The Chinese egret averages 68 cm in height. The plumage is white throughout the bird's life and resembles the little egret (Egretta garzetta). Outside the breeding season the bill is dusky with the basal portion being tannish peach and the lores and legs yellow green, while the iris is yellow. All individuals are similar in this season. In the breeding season the adults develop a luxuriant crest which is sometimes over 11 cm long. It also develops long lanceolate plumes on its breast and dorsal plumes extending beyond the tail, called aigrettes and similar to those of little egret. The bare parts change too, the bill becomes a bright, almost orange, yellow while the lores turn bright blue and the legs black with yellow feet.
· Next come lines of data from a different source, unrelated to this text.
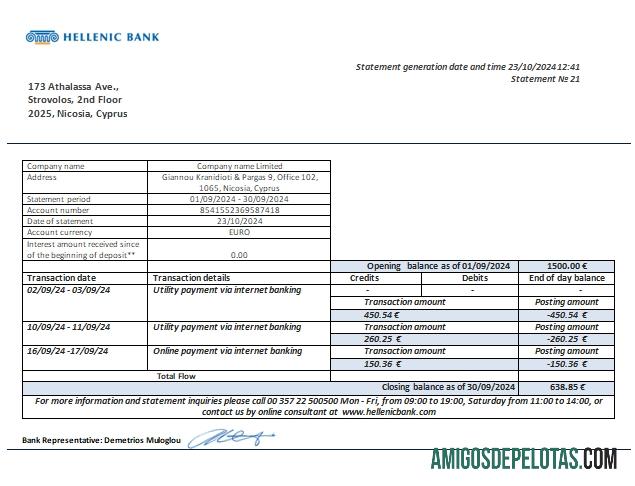 Siprus Hellenic bank bisnis bank laporan scr sampel
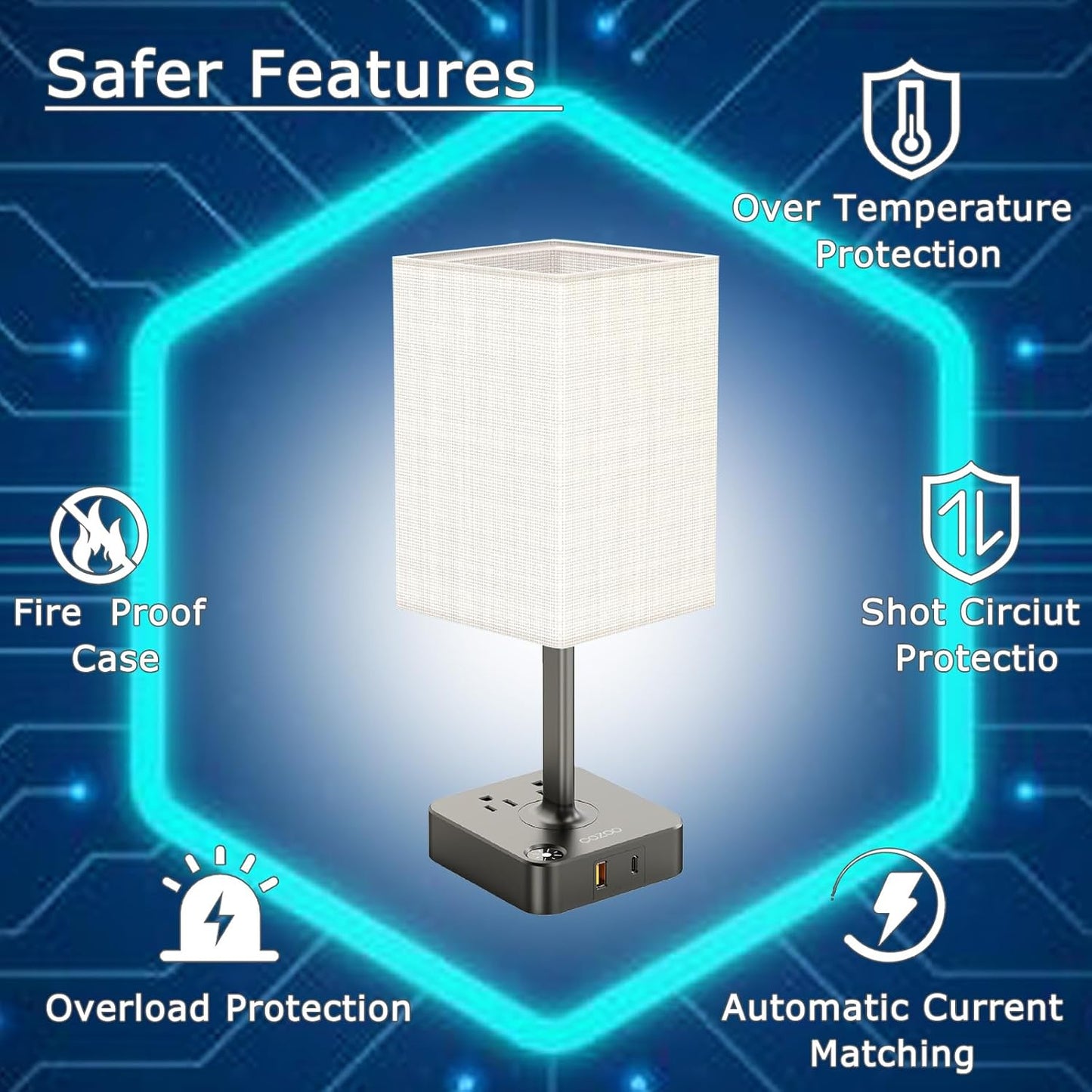 dimmable USB bedside lamp with outlets, Table Lamp Dimmable USB Bedside Table Desk Lamp with 2 USB Charging Port(A+C) 2 Outlet,Nightstand Lamp with Charger Base White Fabric Shade,Led Touch Lamp for Bedroom/Livingroom/Dorm/Home Office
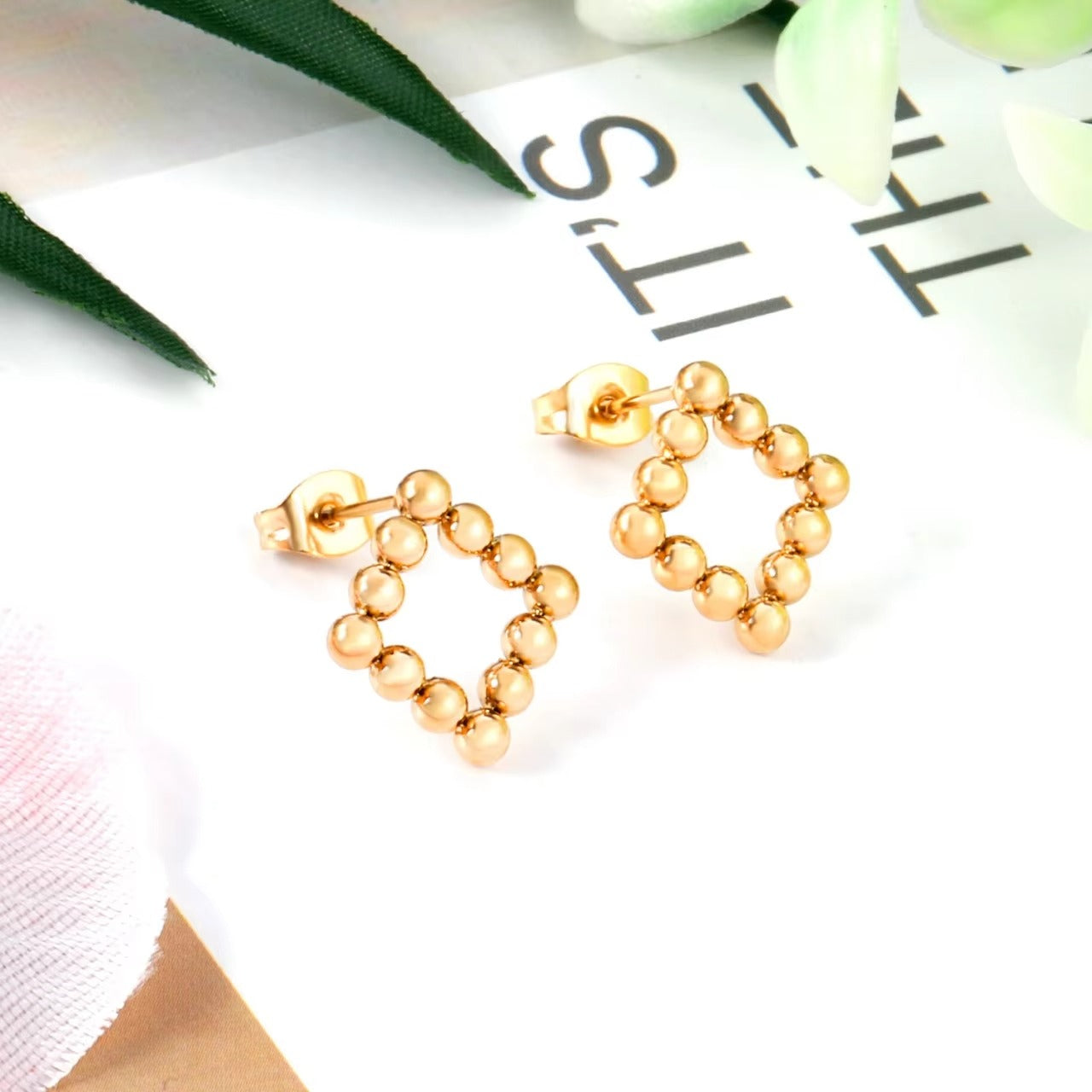 Joana Beaded Geometric Studs | Waterproof 18k Gold & Silver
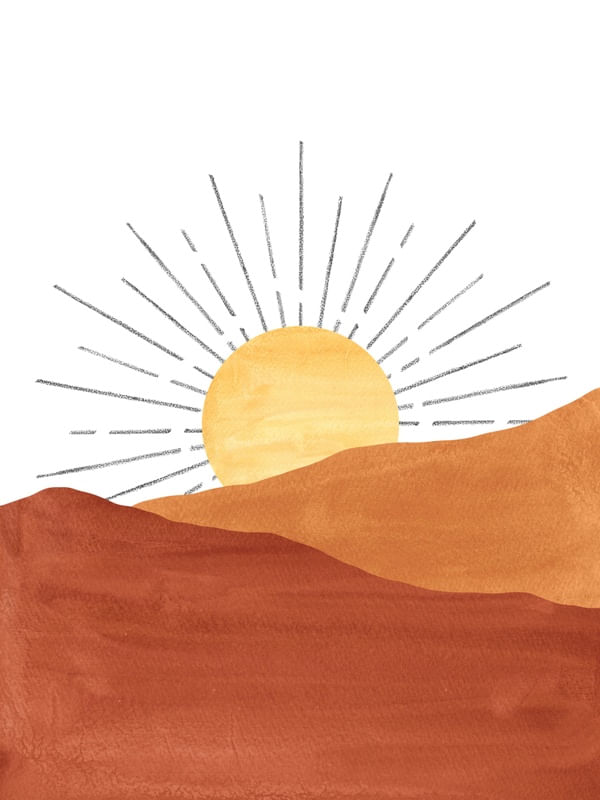 TERRACOTTA LANDSCAPE, SUN AND DESERT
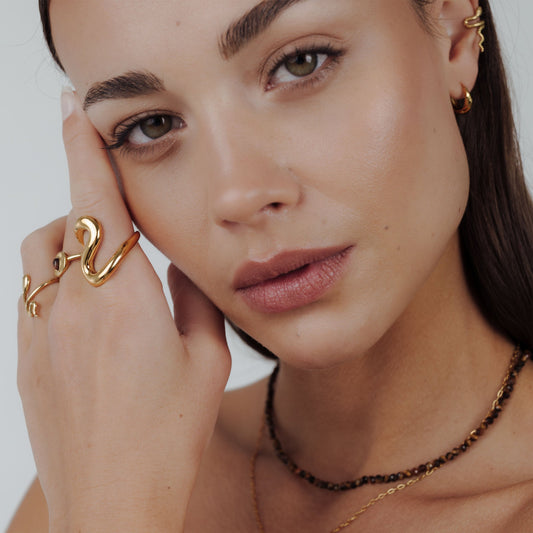 Coiled Ring Stud Earrings Gold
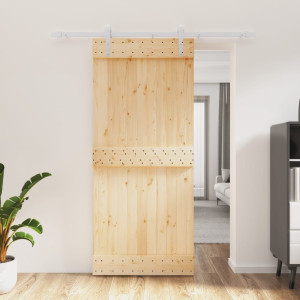 Puerta corredera con herrajes madera maciza de pino 90x210 cm D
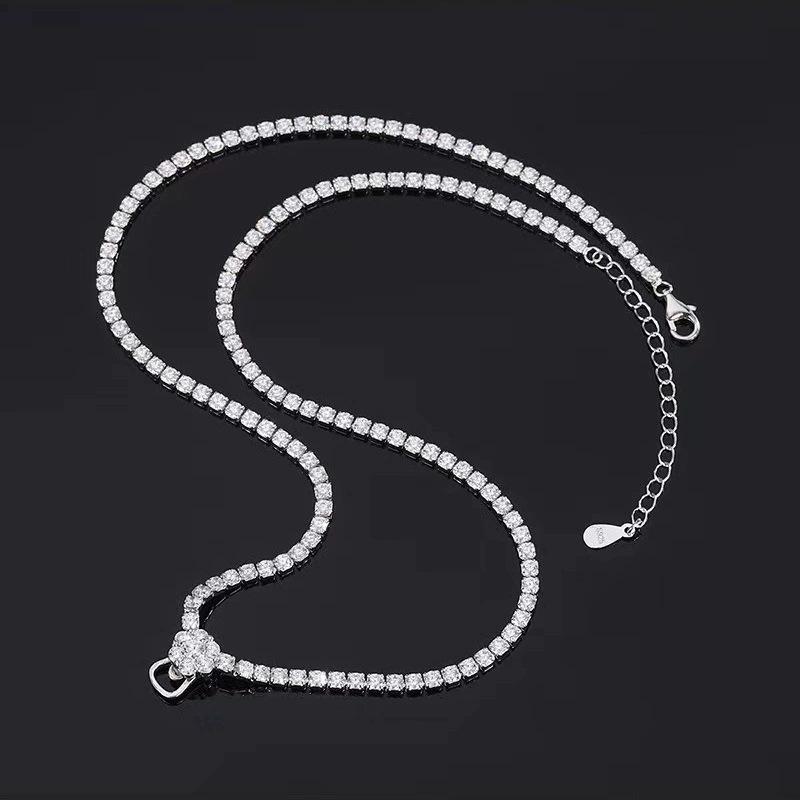 

Full Diamond Simulation Diamond Necklace Universal Chain Imported Synthetic Cubic Zirconia Premium Sweater Chain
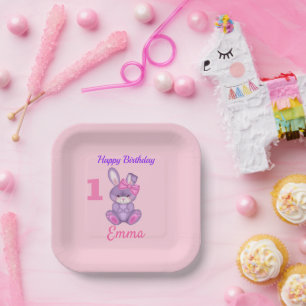 Plato De Papel Chicas de conejitos rosados personalizados Cumplea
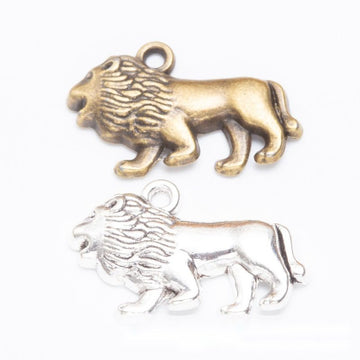 Walking Lion Metal Charms in Two Antique Finishes for Jewelry Making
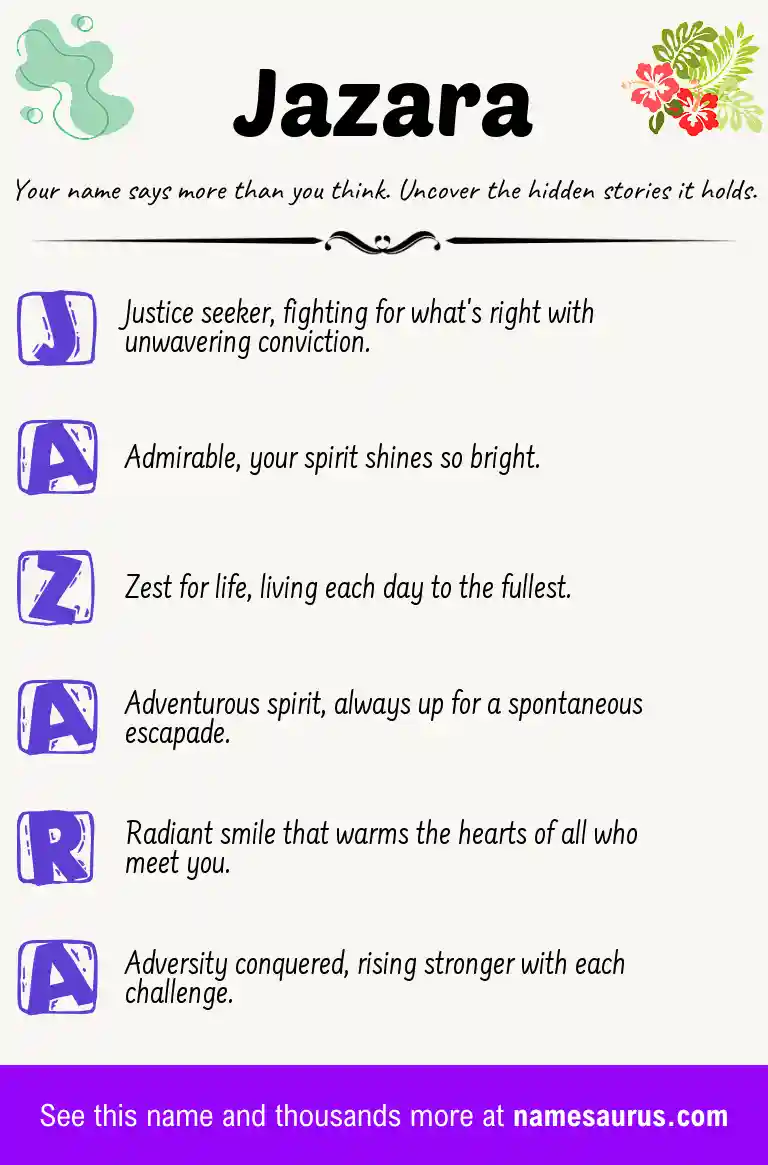 Acrostic poem about Jazara.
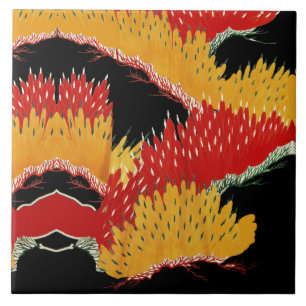 AZULEJO DE CERÂMICA FLORAL DO JAPONÊS ABSTRATO NEGRO VERMELHO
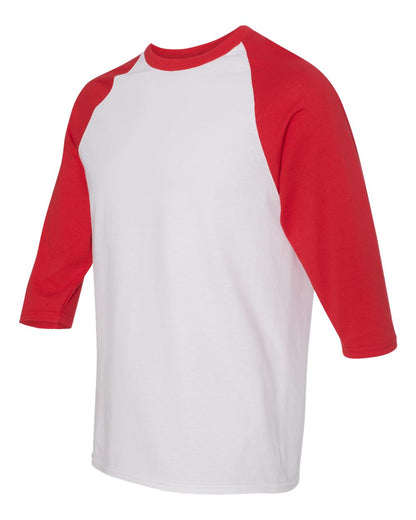 Gildan Unisex Heavy Cotton™ Raglan Three-Quarter Sleeve T-Shirt 5700 #color_White/ Red
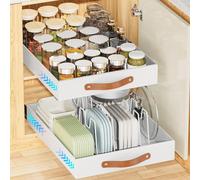 Ovicar Pull-Out Cabinet Drawer - Adhesive 12.2" W x 16.3" D Heavy-Duty Slide Organizer with 4pcs Dividers for Kitchen, Bathroom, and Under-Sink Storage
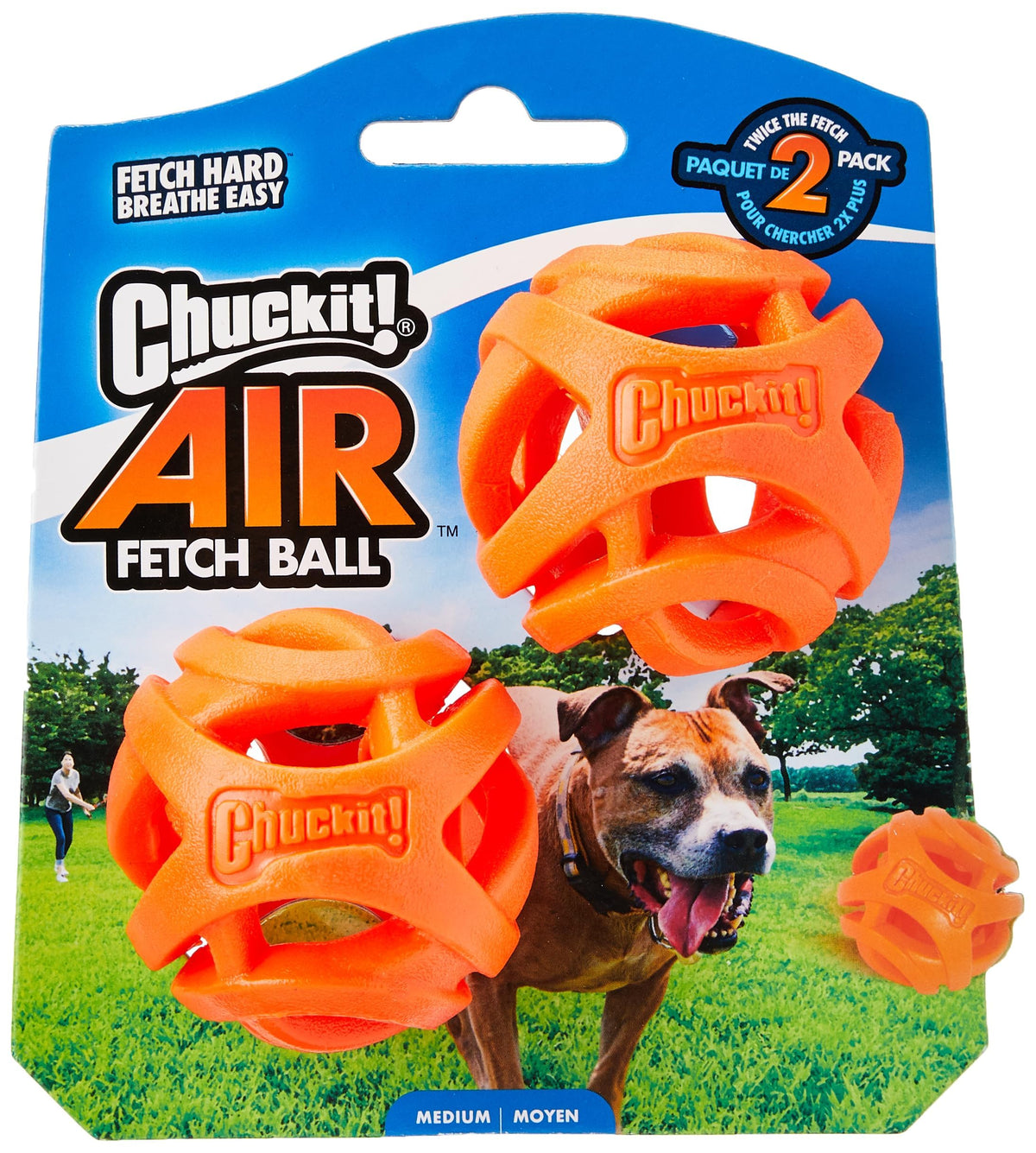 Chuckit! Air Fetch Dog Ball Durable Rubber Dog Toy Launcher Compatible Dog Balls, 2 Pack, Medium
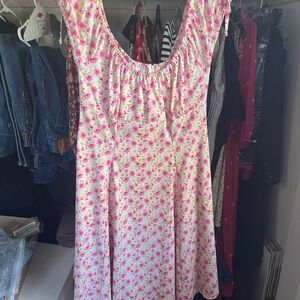 Pinup Couture Pink and White Floral Backless Dress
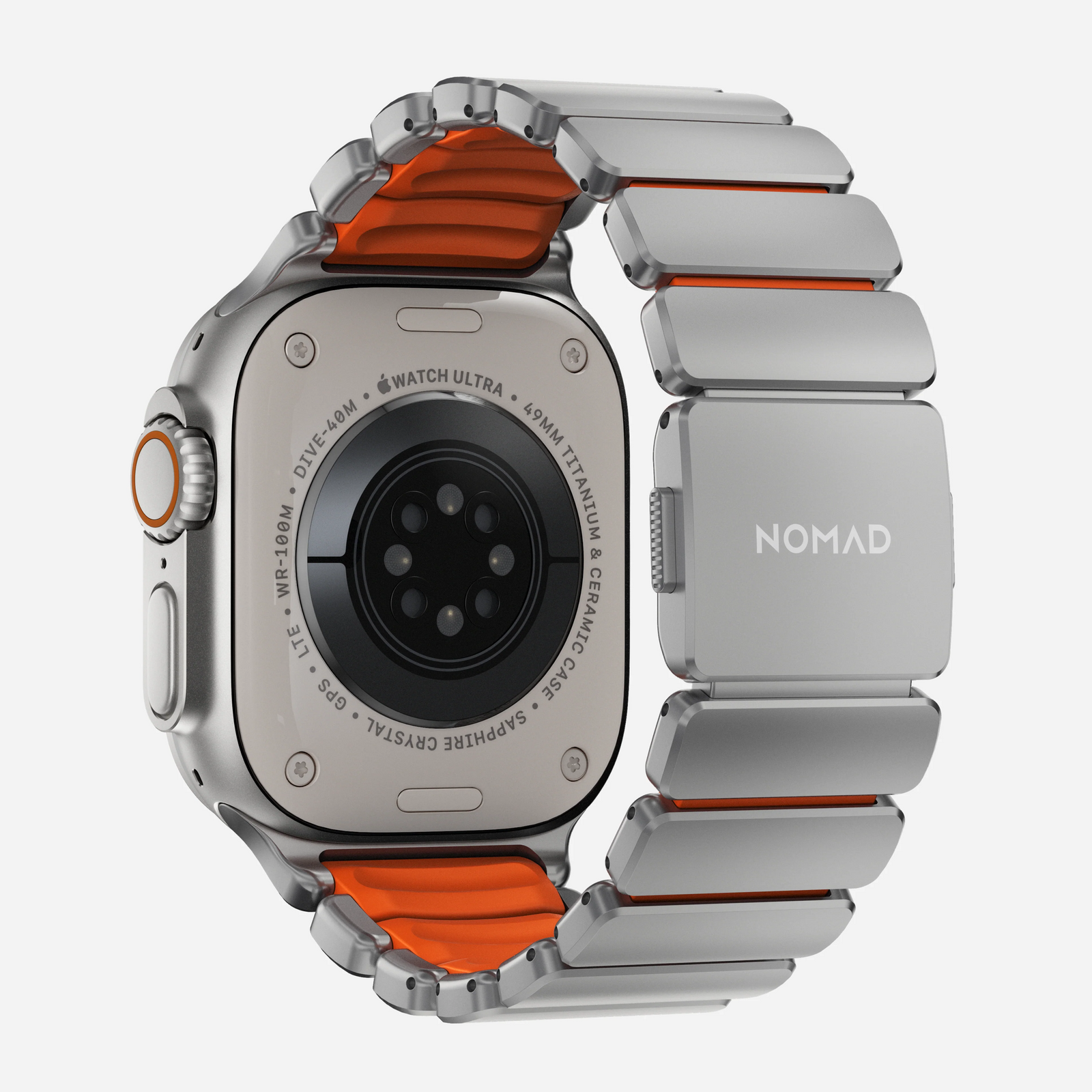 Nomad Stratos Titanium Apple Watch Ultra 1 - 3 / 42-49mm / Series 1-11 & SE - Natural / Orange - Mac Addict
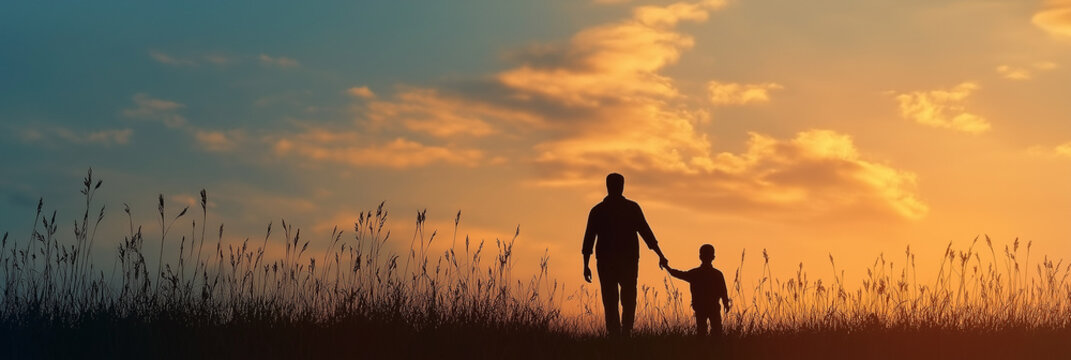 Father and son walking hand in hand at sunset family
==Distribution and population==
The Chinese egret breeds on small islands off the coasts of far eastern Russia, North Korea, South Korea and mainland China. It formerly bred in Taiwan and the New Territories of Hong Kong although it is now only a non-breeding visitor or passage migrant to these countries. It is also a non-breeding passage migrant or winterer in Japan, the Philippines, Vietnam, Thailand, Peninsular Malaysia, Sarawak, Singapore, Indonesia and Brunei. The most important wintering areas are the Eastern Visayas, i.e. the islands of Leyte, Bohol and Cebu in the Philippines, and the Malaysian states of Sarawak and Selangor where between one third and a half of the world population are believed to winter, based on the results of a winter census undertaken in 2004/05. The total population is estimated at 2,600–3,400 individuals. During the decade from 2002 to 2012 there was no significant decline in the population of this species, and there are newly discovered colonies off the coast of southern China which may represent increased observer effort, but could also indicate a real growth in the population.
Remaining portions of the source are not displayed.